Handala veröffentlichte 5 GB an Dateien, die nach eigenen Angaben aus den Systemen des Unternehmens entwendet wurden. Die Gruppe behauptete zudem, sie hätte die Wasserversorgung stören können, habe dies jedoch nicht getan. Dataminr kam in seiner Analyse zu dem Ergebnis, dass die geleakten Daten personenbezogene Informationen enthalten.

Nach Angaben von Dataminr kompromittierten die Angreifer offenbar eine Kundendatenbank für die Abrechnung sowie Cal Waters interne Anwendung RTKBase. Damit verdichtet sich der Verdacht, dass nicht nur interne Systeme, sondern auch kundenbezogene Daten betroffen sein könnten. Weitere technische Details nannte der Quelltext nicht.
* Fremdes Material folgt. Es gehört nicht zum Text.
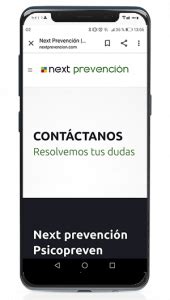 Contacto Next Prevenci N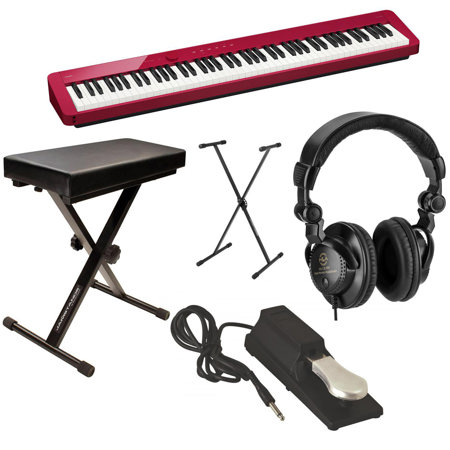 Casio PX-S1100 Privia 88-Key Slim Stage Digital Piano, Red Casio PX-S1100 Privia 88-Key Slim Stage Digital Piano, Red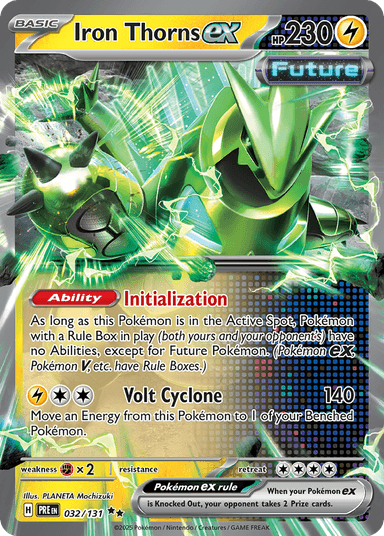 Iron Thorns ex, Prismatic Evolutions 32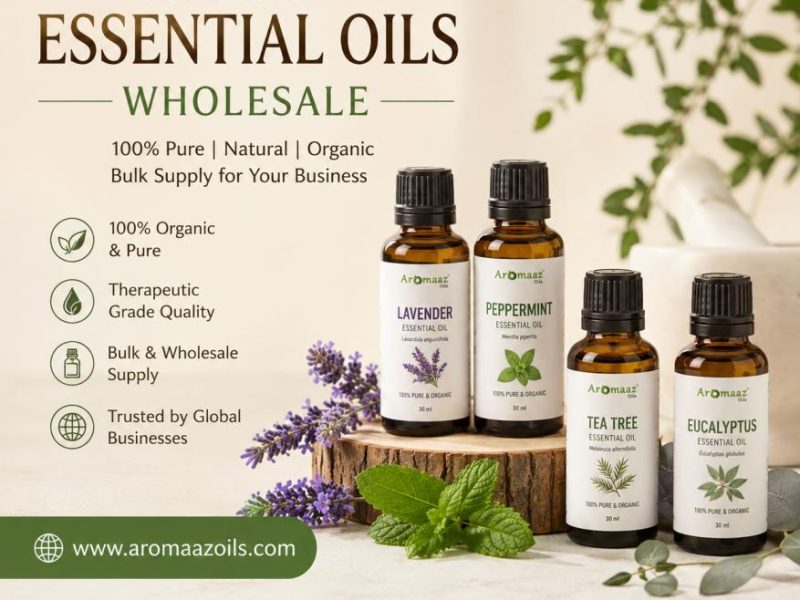 Premium Organic Essential Oils Wholesale in India
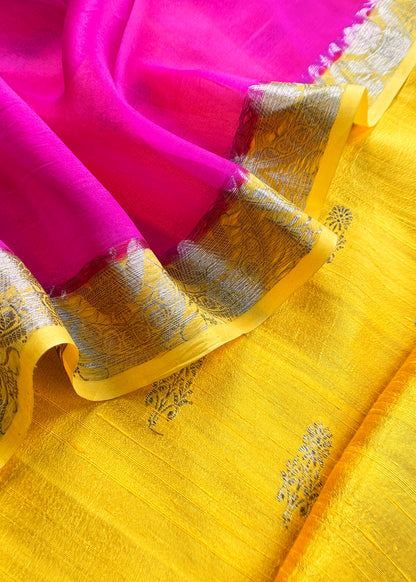 Raw silk unstitched suit set at the best price

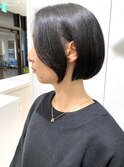 大人ショート/ミニボブ/前髪長め/髪質改善ストレート/30代40代
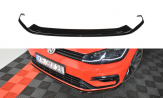 Maxton Design spoiler predného nárazníka VW Golf VII R / R-Line po FL Ver.7 - čierny lesklý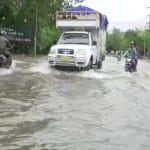 बारिश के बाद भोपाल की सड़कों पर भरा पानी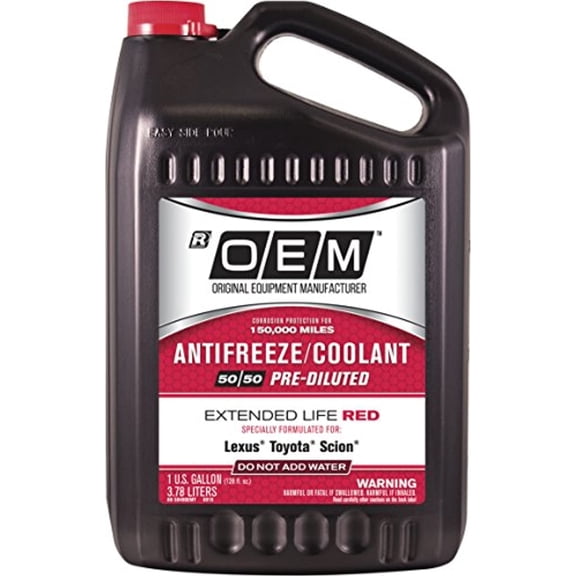OEM Recochem 86-384ROEMT Red Premium Antifreeze 50/50 Extended Life RED
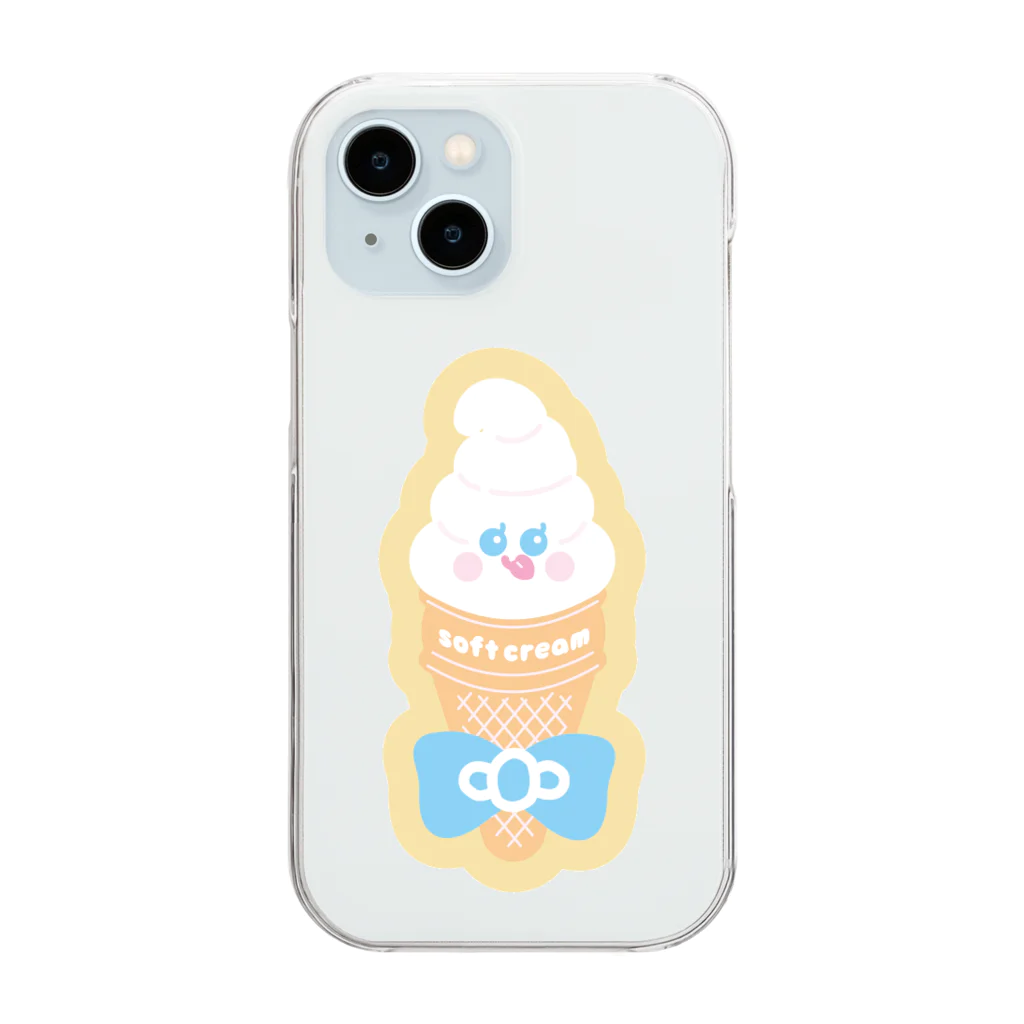 🎀りぼんぱ～ら～🎀のソフトクリーム Clear Smartphone Case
Cal Water, nach dem Quelltext eines der größten börsennotierten Wasserversorgungsunternehmen in den Vereinigten Staaten, teilte SecurityWeek in einer am späten Montag übermittelten Stellungnahme mit, die Behauptungen würden weiterhin untersucht. Das Unternehmen erklärte: „Wir nehmen Cybersicherheit und diese Behauptung sehr ernst und arbeiten rund um die Uhr an der Untersuchung. Als wir vergangenen Donnerstag von der Behauptung erfuhren, haben wir sofort unseren Reaktionsplan für Cybersicherheitsvorfälle aktiviert und eine umfassende Untersuchung eingeleitet.“

Weiter erklärte Cal Water, man arbeite eng mit staatlichen und föderalen Behördenpartnern sowie mit unabhängigen externen Fachleuten zusammen. Nach den vorläufigen Erkenntnissen gebe es „keine bekannten betrieblichen Beeinträchtigungen unserer Wasser- und Abwassersysteme, einschließlich der Abrechnungsplattform“.

In einer weiteren Stellungnahme verwies der Versorger auf bestehende Schutzmaßnahmen. Als Unternehmen der kritischen Infrastruktur unterhalte Cal Water verschiedene Maßnahmen zur Cybersicherheit, zur Sicherheit der Wassersysteme und zur Sicherung der Wasserqualität, um Netzwerke und Systeme vor böswilligen Akteuren zu schützen. Zugleich kündigte das Unternehmen an, den Vorgang weiter gründlich zu untersuchen und die Zusammenarbeit mit föderalen und staatlichen Behörden fortzusetzen.

Der Bericht ordnet den Fall in ein breiteres Muster ein: Akteure aus dem Bedrohungsumfeld nehmen den Wassersektor demnach häufig ins Visier. Als Gründe nennt der Quelltext die Abhängigkeit von Altsystemen und unzureichende Sicherheitsvorkehrungen, die den Bereich anfällig für Cyberangriffe machen.